MATERIAL SUPPLIED:
/---

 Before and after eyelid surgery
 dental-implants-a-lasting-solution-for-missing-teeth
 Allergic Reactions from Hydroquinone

\---
/---

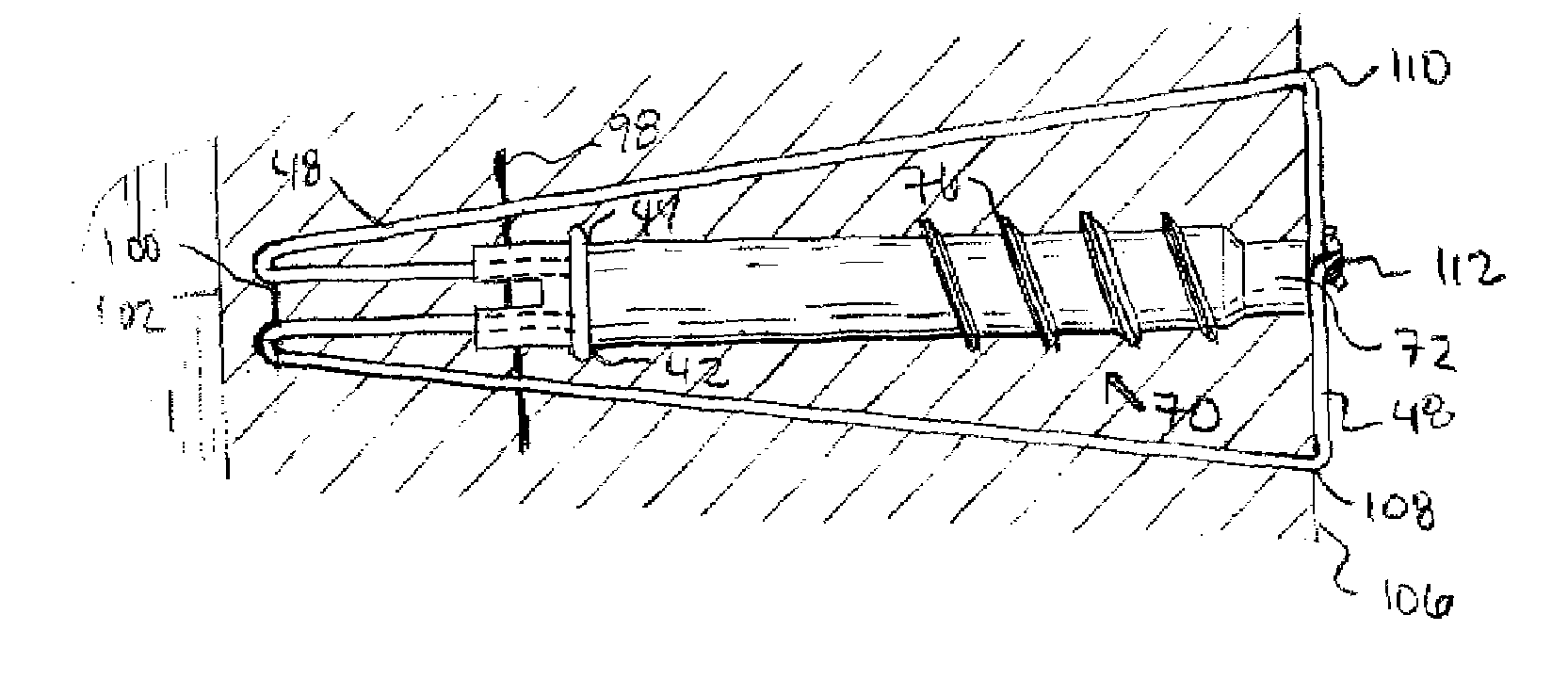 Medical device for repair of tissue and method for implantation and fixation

\---

WHAT YOU NEED TO DO: Reproduce exactly the lines of the records above from the one with "dental-implants-a-lasting-solution-for-missing-teeth" to the one with "Allergic Reactions from Hydroquinone", both included, and leave out everything else.

WRITTEN RESPONSE:
 dental-implants-a-lasting-solution-for-missing-teeth
 Allergic Reactions from Hydroquinone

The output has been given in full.